Look through the entries below and count the lines that contain "Black". Reply with that number only.
PROVIDED MATERIAL START
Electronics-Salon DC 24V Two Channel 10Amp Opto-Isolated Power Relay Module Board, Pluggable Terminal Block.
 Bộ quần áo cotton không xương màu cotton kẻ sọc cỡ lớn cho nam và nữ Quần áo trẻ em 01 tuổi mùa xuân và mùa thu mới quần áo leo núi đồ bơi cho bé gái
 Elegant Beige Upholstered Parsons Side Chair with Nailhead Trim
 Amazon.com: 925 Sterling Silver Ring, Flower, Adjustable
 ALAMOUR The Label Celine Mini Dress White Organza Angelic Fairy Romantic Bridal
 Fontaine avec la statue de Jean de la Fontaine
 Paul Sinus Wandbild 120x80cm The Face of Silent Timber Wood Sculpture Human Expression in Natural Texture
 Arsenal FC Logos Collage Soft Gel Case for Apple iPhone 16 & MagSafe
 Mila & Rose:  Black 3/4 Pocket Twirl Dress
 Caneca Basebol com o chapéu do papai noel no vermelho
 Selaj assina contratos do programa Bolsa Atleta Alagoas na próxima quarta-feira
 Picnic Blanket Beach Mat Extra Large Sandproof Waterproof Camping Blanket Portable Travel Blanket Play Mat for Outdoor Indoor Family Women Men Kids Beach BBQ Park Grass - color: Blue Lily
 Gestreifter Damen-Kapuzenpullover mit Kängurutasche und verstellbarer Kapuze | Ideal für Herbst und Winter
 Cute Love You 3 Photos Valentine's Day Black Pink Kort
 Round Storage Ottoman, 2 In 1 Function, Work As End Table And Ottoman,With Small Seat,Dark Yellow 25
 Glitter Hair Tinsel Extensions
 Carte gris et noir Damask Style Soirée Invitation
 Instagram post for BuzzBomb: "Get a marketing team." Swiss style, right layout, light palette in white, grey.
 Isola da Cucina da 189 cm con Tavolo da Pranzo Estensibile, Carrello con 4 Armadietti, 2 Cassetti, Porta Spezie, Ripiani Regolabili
PROVIDED MATERIAL END
→ RESPONSE AREA
2